Vorschau

Auf unseren Reisen haben wir bislang 42 Wolfskinder interviewt und fotografiert. Um Ihnen eine kleine Vorschau zu geben, können Sie hier drei kurze Auszüge aus den Interviews lesen, sowie einige Portraits, Stillleben und Naturaufnahmen sehen.

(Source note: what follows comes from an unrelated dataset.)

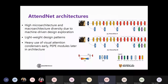Based on this, the machine-driven design exploration plus visual attention condensers creates multiple different AttendNet architectures — AttendNet A and AttendNet B. Three key characteristics are worth noting: very high macro-architecture and micro-architecture diversity, since every single block and unit has a different architecture whose ordering and sequencing is determined algorithmically.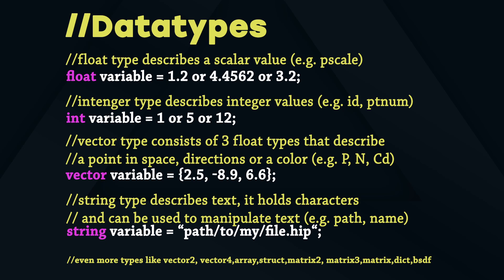Also to mention that there are even more types like Vector2, Vector4, Array, Struct, Matrixes, Dict and BSDF. Keep those in mind but let's first try to understand the more common ones since the principle is the same for every datatype. To get in-depth information about every datatype you can go to the side effect docs under VEX and they offer definitions and also examples for every type.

Ewald Bork  *1934 Königsberg

  Ewald on his first schoolday in Königsberg b 

Ich komme aus Königsberg, wo ich 1934 geboren wurde. Dort ging ich auch noch vier Klassen in die Volksschule. Der Vater wurde 1939 eingezogen und danach hörten wir nie wieder von ihm. Mein älterer Bruder arbeitete bei der Post. Als die Russen 1944 kamen, nahmen sie ihn einfach mit und auch von ihm habe ich nie wieder etwas gehört. Mit der Mutter flüchtete ich vor den Bomben aus der Stadt – als wir zurückkehrten lag alles in Schutt und Asche. Danach kam der Hunger. Irgendwie überlebten Mutter und ich zwei Jahre lang. Doch dann wurden wir beide sehr krank. Wir waren beide schwach und elend und am Ende starb die Mutter neben mir im Bett. Sie verhungerte. Da war ich 13 und machte mich alleine auf den Weg nach Litauen.

     

 

 

 

Waltraut Minnt *1936 Uderwangen

Waltraut/ Valerija *1939 Underwangen   

Ich wurde am 7. März 1936 in Uderwangen in Ostpreußen geboren. An den Krieg selbst erinnere ich mich nicht mehr. Nur, dass mein Vater und mein ältester Bruder im Krieg starben. Nach Kriegsende blieben wir mit der Mutter auf dem heimischen Hof bis die Rote Armee kam. Ich war sechs Jahre alt als russische Soldaten an uns vorbei ins Haus liefen, direkt zur Mutter. Dann hörten wir nur noch Schreie – die Nachbarn hielten uns davon ab, ins Haus zu laufen. Als die Soldaten mit ihr fertig waren, waren Stunden vergangen. Weinend und blutig kam sie aus dem Haus. Sie konnte sich kaum auf den Beinen halten und fiel direkt vor einen Panzer, der die Straße entlangfuhr. […] Ich habe meine Mutter verloren, alle meine Geschwister und kam danach in ein Jugendlager in Sibirien. Als ich Anfang der fünfziger Jahre nach Litauen kam, hatte ich Angst vor den Menschen und flüchtete mich oft in die Natur.

 

 

 

Ursula Haak *1935 Birjohlen

Ursula / Uzule * 1935 Birjohle

Nachdem meine Mutter von russischen Soldaten ermordet worden war, waren meine beiden Brüder und ich alleine in der Elchniederung zurück geblieben. Ein Bauer rettete uns vor einer Überschwemmung, die uns sicher auch das Leben gekostet hätte. Als ich ihn fragte, ob wir bei ihm bleiben könnten, winkte er ab. „Geht nach Litauen“, sagte er, „dort wird Euch bestimmt geholfen.“ Ich war zehn Jahre alt und musste mich um meine beiden jüngeren Brüder kümmern. Die hatten ja sonst niemanden mehr. Wir gingen also nach Tilsit zurück, um einen Weg über die Grenze zu finden. Horst, der Jüngste, konnte nicht mehr laufen und wir mussten ihn ständig tragen. Am Ende ließen wir ihn im Stadtpark zurück, weil wir nicht mehr konnten. Dort sollte er auf uns warten bis wir aus Litauen zurück waren. Doch als wir wieder kamen, war er nicht mehr da.